This term was created in 1933 in the book “The Economics of Imperfect Competition” by Joan Robinson. Monopsony is a situation when the buyer can dictate his terms for the sellers because he is the main (or alone) consumer of a certain good or service.

Economists use the term "monopsony" in a way similar to "monopoly power" as a shorthand reference to a scenario in which there is one dominant buying power such that power is able to price profit maximization that is not subject to the restriction of competition. A monopsony exists when one buyer faces little competition from other buyers so they can charge wages or prices for the labor or goods they buy at a level lower than they would in a competitive market. In the economic literature, the term "monopsony" is predominantly used when referring to labor markets, but it can be applied to any industry or service where the buyer has bargaining power over all sellers.

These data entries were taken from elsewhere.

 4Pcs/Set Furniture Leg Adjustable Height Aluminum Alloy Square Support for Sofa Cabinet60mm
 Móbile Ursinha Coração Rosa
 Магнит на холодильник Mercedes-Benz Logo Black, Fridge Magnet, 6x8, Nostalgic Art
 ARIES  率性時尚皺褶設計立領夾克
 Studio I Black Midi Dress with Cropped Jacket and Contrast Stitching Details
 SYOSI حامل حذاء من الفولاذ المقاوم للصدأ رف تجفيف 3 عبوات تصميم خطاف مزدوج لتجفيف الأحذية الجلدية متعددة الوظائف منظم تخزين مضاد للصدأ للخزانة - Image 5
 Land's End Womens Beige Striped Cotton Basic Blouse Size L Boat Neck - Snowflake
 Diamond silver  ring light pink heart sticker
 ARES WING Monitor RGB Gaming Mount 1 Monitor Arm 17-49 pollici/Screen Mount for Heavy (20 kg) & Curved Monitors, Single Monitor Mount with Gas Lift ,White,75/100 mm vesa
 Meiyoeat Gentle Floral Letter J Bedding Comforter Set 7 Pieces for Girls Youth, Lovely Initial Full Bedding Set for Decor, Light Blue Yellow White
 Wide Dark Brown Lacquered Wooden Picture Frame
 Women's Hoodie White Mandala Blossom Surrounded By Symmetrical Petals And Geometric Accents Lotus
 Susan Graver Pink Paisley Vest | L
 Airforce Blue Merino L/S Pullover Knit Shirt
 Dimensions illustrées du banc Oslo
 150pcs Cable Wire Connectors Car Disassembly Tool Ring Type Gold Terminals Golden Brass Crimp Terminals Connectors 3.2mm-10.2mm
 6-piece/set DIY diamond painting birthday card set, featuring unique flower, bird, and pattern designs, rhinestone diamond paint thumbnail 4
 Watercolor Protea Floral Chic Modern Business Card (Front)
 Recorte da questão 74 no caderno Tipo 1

The classic example is a mining village. There is only one company who can hire people and set an average salary. But there are many miners who want to work. The labor market with fragments of monopsony is not rare. Often similar situations are in small towns where there is only one big employer.

In a perfectly competitive labor market, entrepreneurs have a wide choice of specialists, labor mobility is absolute, any firm hires labor at a constant price, and the labor supply curve in the industry reflects the marginal cost of hiring a resource - labor. Under monopsony conditions, the monopsonist firm itself personifies the industry, so the labor supply curves for the firm and the industry coincide. But for an individual monopsonist firm, the labor supply curve shows not marginal, but average labor costs, for a monopsonist, the labor supply curve is an average cost curve (ARC), not marginal.

Monopsony can be created in following conditions:
  • On the labor market are many professional specialists who are not united in trade unions. And at the same time there is one big company (or a few companies united in one unit) who is an employer.
  • Company or group of companies hire only one part of the big summary of the specialists.
  • The profession does not have high mobility due to socio conditions, geographical places, etc.
  • The company-monopsony set the size of salary and workers must agree to it or look for other work.